Late Wednesday evening, January 14, 1880

 

"The sudden death of Minnie Williams better known as Minnie C. Baldwin, on Monday last...received but little attention. Since then, however, certain matters connected with the death have been elicited which tend to throw a shade of suspicion over the matter." ––
San Francisco Chronicle
, 1880

 

“Kathleen, please tell Mr. Dawson that I won’t be coming back down. He should go home because there is nothing more he can do here. You can inform him I will be staying in Laura’s room tonight so she won’t be alone. Then off to bed with you and make sure Mrs. O’Rourke has retired.”
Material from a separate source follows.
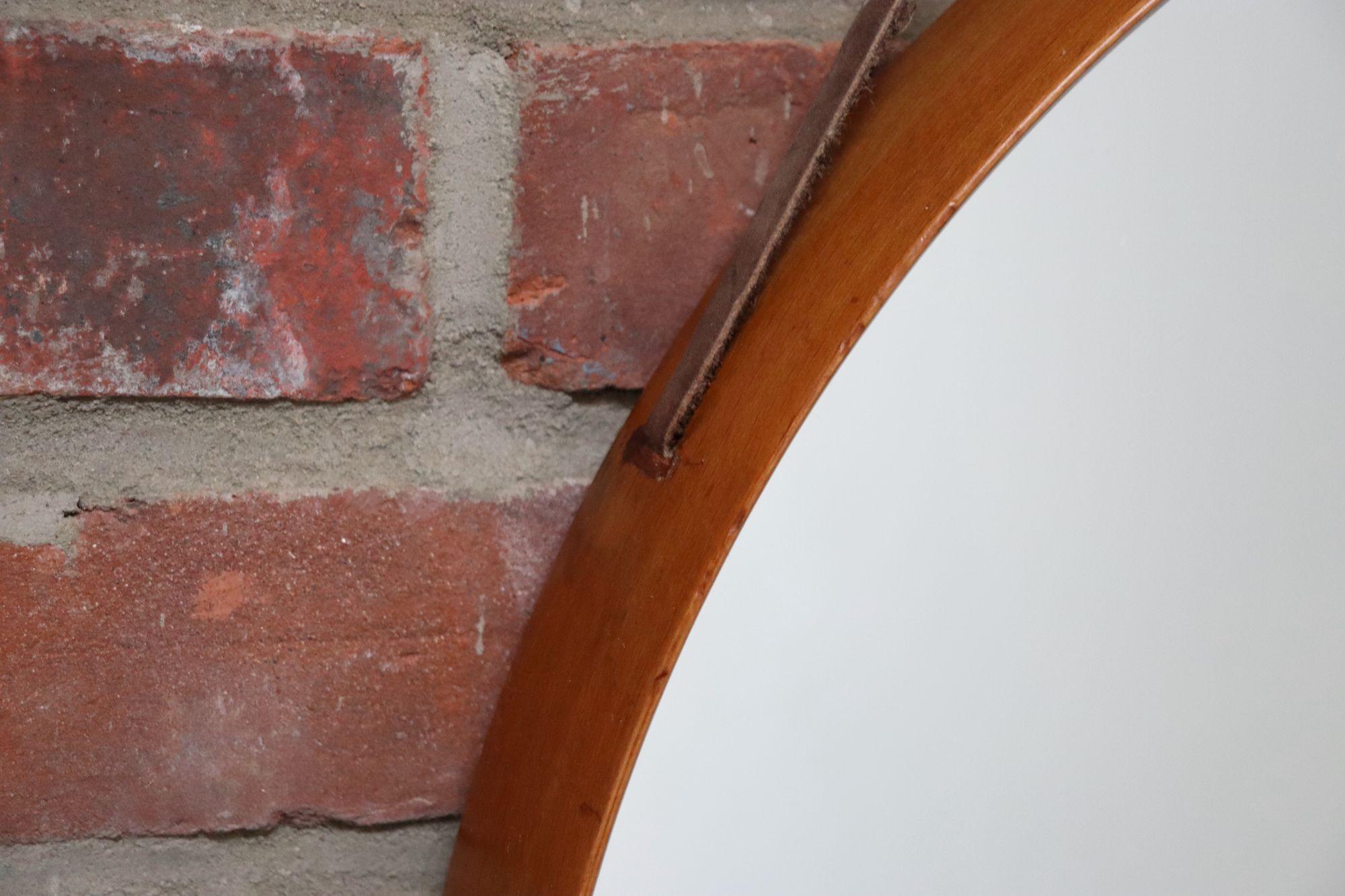 Miroir mural italien rond en érable avec sangle en cuir d'origine en vente 5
Annie stood just outside the door to Laura’s room on the second floor of the boarding house. It was nearly midnight, and she knew Kathleen would need to get up in about four hours to start the kitchen stove in preparation for breakfast for the early risers among the other boarders.

“Yes, ma’am. Can I bring you more tea first?” Kathleen asked. When Annie shook her head no, the young maid moved swiftly to the back stairs on her way to the first floor parlor where Nate would be waiting impatiently for news.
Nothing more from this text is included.